= Beginning of Section =

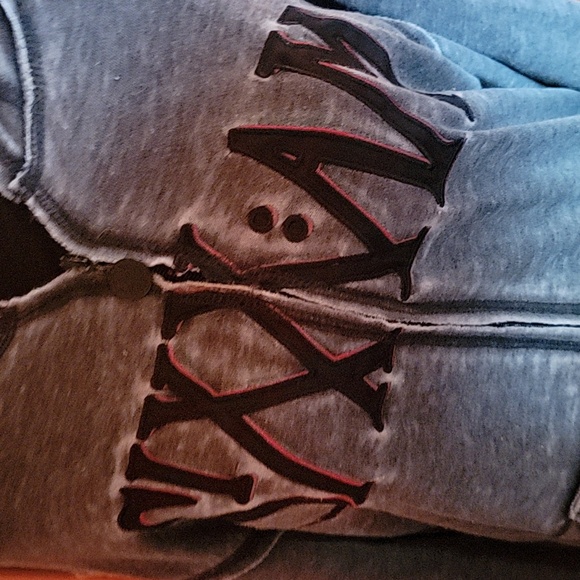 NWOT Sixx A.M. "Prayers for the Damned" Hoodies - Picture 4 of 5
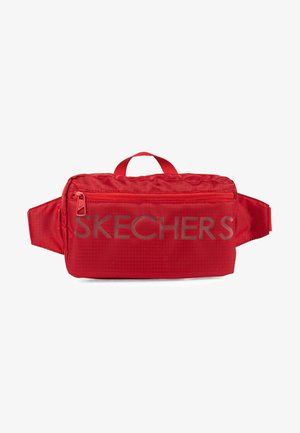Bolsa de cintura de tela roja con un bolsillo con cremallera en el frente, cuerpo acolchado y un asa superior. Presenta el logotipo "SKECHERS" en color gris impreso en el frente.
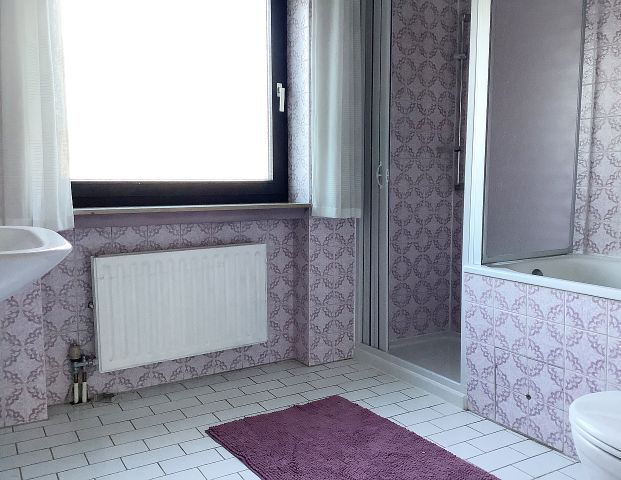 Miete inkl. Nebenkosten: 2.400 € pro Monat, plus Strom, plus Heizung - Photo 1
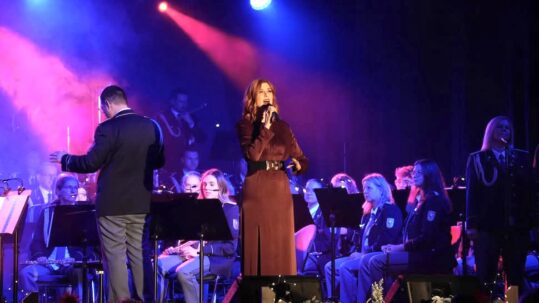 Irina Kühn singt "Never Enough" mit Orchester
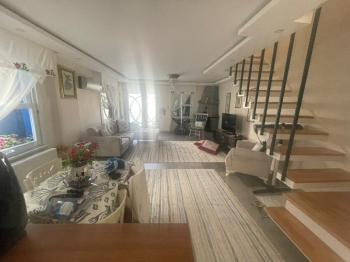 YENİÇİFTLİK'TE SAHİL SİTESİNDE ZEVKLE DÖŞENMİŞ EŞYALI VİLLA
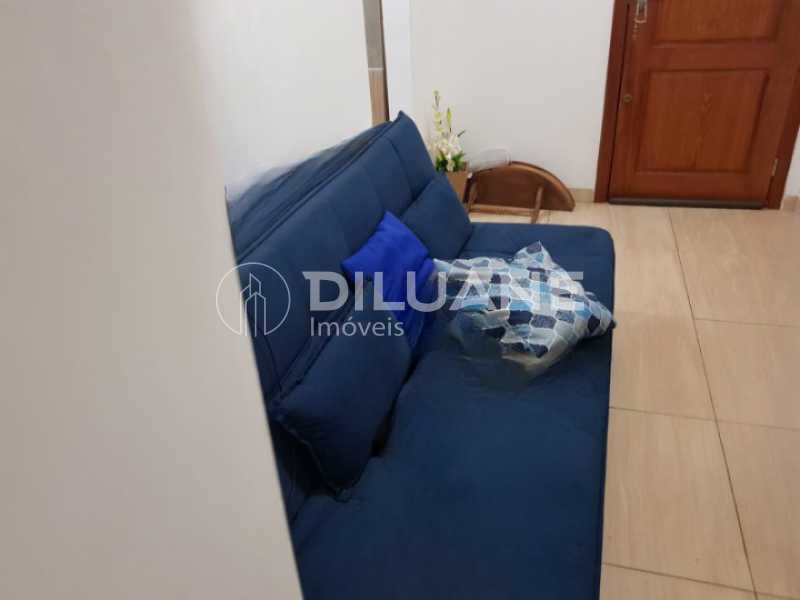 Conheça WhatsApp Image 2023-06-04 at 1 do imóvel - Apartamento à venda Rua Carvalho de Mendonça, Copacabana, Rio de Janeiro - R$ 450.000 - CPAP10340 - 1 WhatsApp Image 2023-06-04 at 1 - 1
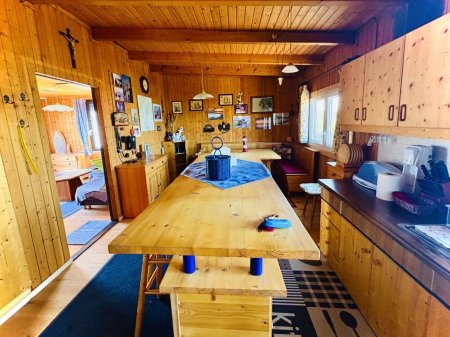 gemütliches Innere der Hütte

= End of Section =

__What you are asked to do__.
With the pictures left out, write out all of the data exactly.

__Answer space__.
 NWOT Sixx A.M. "Prayers for the Damned" Hoodies - Picture 4 of 5
Bolsa de cintura de tela roja con un bolsillo con cremallera en el frente, cuerpo acolchado y un asa superior. Presenta el logotipo "SKECHERS" en color gris impreso en el frente.
 Miete inkl. Nebenkosten: 2.400 € pro Monat, plus Strom, plus Heizung - Photo 1
 Irina Kühn singt "Never Enough" mit Orchester
 YENİÇİFTLİK'TE SAHİL SİTESİNDE ZEVKLE DÖŞENMİŞ EŞYALI VİLLA
 Conheça WhatsApp Image 2023-06-04 at 1 do imóvel - Apartamento à venda Rua Carvalho de Mendonça, Copacabana, Rio de Janeiro - R$ 450.000 - CPAP10340 - 1 WhatsApp Image 2023-06-04 at 1 - 1
 gemütliches Innere der Hütte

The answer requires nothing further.